Since gratitude is a key component to happiness and living a simple lifestyle, I'd encourage all of you to spend a few hours a week on volunteer project. Start creating connections through gratitude.
The following are some examples:
- Volunteer at a local homeless shelter.
- Donate your professional skills to a non-profit in need.
- Get involved with bike advocacy.
- Become a big brother or sister.
- Help your family, friends or acquaintances with a project.
The list of projects is endless, but it's important to get started somewhere.
Micro-Action: Devote 2 hours per week to a gratitude project.
I love blogging and I truly value the connections I've made through RowdyKittens and online social networks. I also want to balance this by giving back in my local community through volunteering. It's another one way to express gratitude and create connections.
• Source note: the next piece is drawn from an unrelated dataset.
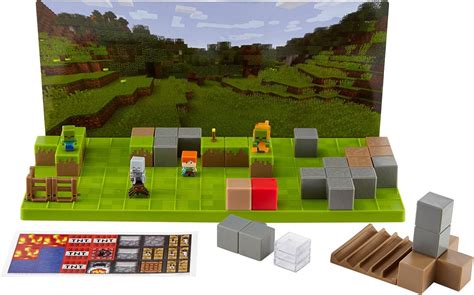 Minecraft Stop Motion Movie Creator By Mattel Amazon Es Juguetes Y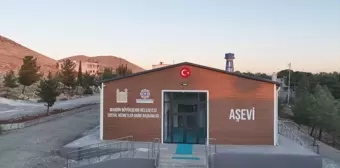 Mardin'de Aşevi Yeniden Faaliyete Geçti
I was incredibly happy to see so many thoughtful comments on my last post about gratitude. Reading your comments reminded me of the Mindfulness Project, which discusses ways we can be mindful and grateful through our everyday actions. I've been thinking a lot about gratitude lately, especially since I've been working on my e-book, Simply Car-Free. My close friends (and Logan) have been incredibly helpful.
To take advantage of this feeling of reciprocity, I decided to spend 4 to 8 hours a week on gratitude projects. Earlier this week, I devoted my time to working on a few websites for family members. It felt wonderful to give back to my family, especially after all of their help with the move.
I also decided to get involved with Living Yoga. It's a "non-profit outreach program teaching yoga as a tool for personal change in prisons, drug and alcohol rehabilitation centers, transitional facilities, and to populations who would otherwise not have access to it."
I'm really excited to start volunteering with this organization and meet other members of the Portland community.